China agrees to sell Pakistan two more nuclear reactors
IRIB – 15/10/2013
Pakistan is acquiring two large nuclear power reactors from longtime ally China, officials said, under a $9.1 billion deal that would help the country generate sorely needed electric power and possibly enhance its nuclear capabilities vis-à-vis neighboring rival India.
For Islamabad, the pact with China counters the nuclear energy accord New Delhi signed with the U.S. under the president George W. Bush. Pakistan regards that arrangement as providing India with an unfair potential strategic advantage for nuclear weapons. Both countries possess a nuclear arsenal.
Pakistani officials haven’t talked publicly about this latest agreement, which was quietly signed around midyear and closed in early July, about the time Prime Minister Nawaz Sharif visited China.
The reactors covered by the deal would be technologically advanced and built outside the main port city of Karachi. They each would provide 1,000 megawatts of electricity, a big boost for power-starved Pakistan. “Every country has this. We are also entitled,” the senior official said. “We have to focus on adding cheaper energy supply.”
China would deliver the first reactor in 70 months-80 months, with the second coming 10 months later. Nuclear reactors take several years to build. They would be installed on the Karachi coast close to a small existing reactor, the senior Pakistani official said. The Chinese will provide 82% of the financing through a loan on what another Pakistani official described as very soft terms.
“The cooperation [with Pakistan] is in accordance with the nonproliferation treaty and international norms,” Su Hao, director of the Center for Strategic and Conflict Management at China Foreign Affairs University, said.
Pakistan says all its nuclear plants will be open to inspection from the International Atomic Energy Agency, a United Nations organization that polices nuclear safety.
China has supplied Pakistan with two 300-megawatt reactors of an older design, which were completed in 2000 and 2011. It is building two more under past deals, in addition to the new 1,000-megawatt reactors. Pakistan’s current nuclear energy capacity is just 725 megawatts.
A Pakistani official said the supply of power from the nuclear plants was constant, unlike hydroelectric power, another option for Pakistan, while the operational cost of electricity from a nuclear power station is considerably lower than the country’s oil and gas-fired generation plants.

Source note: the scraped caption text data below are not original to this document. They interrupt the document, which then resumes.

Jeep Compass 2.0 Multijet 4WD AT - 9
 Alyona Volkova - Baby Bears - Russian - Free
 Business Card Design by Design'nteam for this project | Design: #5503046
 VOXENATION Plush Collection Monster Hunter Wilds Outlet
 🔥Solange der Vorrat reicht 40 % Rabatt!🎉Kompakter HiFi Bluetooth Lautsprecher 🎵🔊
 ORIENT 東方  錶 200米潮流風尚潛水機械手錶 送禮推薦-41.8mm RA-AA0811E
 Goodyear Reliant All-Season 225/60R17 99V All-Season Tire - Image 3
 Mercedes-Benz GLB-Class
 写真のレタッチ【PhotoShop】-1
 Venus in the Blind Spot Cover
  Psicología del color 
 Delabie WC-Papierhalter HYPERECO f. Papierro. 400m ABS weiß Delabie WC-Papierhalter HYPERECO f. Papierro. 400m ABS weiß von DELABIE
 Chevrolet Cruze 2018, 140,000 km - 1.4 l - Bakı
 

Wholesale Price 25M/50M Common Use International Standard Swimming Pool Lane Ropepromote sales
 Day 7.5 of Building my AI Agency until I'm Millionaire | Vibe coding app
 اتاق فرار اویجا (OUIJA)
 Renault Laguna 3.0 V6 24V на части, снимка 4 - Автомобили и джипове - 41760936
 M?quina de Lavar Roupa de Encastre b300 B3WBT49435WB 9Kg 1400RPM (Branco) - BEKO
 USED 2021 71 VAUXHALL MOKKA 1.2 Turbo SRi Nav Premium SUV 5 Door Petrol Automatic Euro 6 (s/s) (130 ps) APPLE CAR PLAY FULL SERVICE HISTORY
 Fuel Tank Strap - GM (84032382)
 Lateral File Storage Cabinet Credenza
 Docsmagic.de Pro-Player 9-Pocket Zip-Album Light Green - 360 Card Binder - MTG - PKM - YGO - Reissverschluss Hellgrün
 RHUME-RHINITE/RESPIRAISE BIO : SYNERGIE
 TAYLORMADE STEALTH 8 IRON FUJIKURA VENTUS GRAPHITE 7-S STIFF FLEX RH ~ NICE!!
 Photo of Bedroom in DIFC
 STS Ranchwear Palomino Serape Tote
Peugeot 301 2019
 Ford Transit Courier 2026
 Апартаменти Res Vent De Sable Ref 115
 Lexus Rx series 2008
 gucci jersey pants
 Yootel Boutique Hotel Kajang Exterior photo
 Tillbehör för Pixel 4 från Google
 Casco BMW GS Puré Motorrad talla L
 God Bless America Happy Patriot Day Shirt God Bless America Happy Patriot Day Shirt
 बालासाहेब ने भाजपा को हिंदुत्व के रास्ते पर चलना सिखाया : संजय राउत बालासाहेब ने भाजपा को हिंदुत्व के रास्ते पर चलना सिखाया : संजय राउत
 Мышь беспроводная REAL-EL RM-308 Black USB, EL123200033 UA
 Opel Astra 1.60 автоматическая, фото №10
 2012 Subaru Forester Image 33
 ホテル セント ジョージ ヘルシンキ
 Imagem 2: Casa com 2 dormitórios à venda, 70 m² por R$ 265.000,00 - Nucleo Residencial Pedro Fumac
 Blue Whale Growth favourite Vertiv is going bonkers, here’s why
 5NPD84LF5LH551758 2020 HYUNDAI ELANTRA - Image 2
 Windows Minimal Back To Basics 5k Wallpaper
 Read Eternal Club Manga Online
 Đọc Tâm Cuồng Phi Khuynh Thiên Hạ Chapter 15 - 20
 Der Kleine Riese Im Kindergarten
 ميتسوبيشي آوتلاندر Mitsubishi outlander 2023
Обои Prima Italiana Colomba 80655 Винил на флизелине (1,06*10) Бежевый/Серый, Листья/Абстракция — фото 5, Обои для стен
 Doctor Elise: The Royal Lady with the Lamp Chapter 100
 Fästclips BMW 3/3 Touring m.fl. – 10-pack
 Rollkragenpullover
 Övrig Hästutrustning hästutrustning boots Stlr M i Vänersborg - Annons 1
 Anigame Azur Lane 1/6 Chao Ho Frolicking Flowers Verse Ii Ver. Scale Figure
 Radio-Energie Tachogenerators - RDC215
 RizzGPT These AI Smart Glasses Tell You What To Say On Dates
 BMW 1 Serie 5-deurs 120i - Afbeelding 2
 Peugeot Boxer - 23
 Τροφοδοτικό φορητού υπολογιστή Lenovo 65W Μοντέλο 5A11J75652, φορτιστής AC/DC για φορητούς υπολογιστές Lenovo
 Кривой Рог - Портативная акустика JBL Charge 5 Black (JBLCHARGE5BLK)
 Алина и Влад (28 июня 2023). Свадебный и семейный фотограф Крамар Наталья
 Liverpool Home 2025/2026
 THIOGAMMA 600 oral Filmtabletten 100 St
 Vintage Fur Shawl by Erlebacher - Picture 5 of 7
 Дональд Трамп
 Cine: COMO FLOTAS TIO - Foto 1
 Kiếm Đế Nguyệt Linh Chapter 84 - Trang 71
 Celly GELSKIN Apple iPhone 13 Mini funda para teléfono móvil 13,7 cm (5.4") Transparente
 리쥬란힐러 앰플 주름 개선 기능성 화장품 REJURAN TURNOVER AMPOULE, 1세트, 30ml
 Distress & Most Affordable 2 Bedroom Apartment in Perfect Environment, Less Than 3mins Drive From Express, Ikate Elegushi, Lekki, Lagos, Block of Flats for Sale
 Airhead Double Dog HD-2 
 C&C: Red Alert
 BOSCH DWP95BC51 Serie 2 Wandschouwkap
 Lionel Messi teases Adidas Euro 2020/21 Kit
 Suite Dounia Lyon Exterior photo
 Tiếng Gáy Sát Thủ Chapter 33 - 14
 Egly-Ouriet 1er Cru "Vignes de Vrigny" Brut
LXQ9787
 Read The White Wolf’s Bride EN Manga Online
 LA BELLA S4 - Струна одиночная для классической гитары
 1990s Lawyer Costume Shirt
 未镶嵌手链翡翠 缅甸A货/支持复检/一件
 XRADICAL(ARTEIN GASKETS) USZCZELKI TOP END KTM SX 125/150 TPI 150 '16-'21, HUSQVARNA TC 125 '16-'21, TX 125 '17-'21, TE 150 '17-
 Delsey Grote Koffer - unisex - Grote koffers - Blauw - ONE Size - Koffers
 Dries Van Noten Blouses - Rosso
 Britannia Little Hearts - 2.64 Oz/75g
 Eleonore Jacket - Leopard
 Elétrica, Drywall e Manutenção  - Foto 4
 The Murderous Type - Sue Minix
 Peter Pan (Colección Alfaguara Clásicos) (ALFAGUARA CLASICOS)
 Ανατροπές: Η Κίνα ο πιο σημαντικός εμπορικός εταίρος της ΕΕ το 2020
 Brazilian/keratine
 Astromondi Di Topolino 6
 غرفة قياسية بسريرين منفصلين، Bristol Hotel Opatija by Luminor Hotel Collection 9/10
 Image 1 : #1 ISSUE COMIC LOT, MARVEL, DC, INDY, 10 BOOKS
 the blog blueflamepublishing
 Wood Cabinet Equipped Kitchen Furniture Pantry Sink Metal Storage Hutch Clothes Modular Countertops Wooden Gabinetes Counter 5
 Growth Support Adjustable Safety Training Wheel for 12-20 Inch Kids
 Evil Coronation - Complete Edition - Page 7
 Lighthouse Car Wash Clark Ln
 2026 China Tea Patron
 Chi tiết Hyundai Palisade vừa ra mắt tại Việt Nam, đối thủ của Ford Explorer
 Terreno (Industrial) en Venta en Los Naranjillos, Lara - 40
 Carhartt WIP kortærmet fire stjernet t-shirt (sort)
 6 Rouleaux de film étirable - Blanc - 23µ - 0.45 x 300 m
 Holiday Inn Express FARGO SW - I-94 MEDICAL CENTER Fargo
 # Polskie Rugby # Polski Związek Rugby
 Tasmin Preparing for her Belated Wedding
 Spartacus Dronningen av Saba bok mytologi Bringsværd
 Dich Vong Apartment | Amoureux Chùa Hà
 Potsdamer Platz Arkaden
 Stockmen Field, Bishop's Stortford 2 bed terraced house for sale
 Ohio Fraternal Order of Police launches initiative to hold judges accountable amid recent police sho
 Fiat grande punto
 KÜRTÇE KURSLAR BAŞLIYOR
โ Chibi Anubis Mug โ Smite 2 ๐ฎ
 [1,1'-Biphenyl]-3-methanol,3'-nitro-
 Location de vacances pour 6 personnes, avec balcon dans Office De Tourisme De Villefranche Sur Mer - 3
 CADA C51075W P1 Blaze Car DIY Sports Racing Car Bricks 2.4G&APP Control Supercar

Pakistan suffers a debilitating energy crisis that is starving industry of power and depriving households of basic everyday comforts. There are planned outages of 10 hours-12 hours a day, due to a roughly 5,000-megawatt gap between supply and demand. Tackling the crisis has been Mr. Sharif’s top priority since taking office in June.
The Indian ministry of external affairs declined to comment on the Chinese nuclear deal with Pakistan.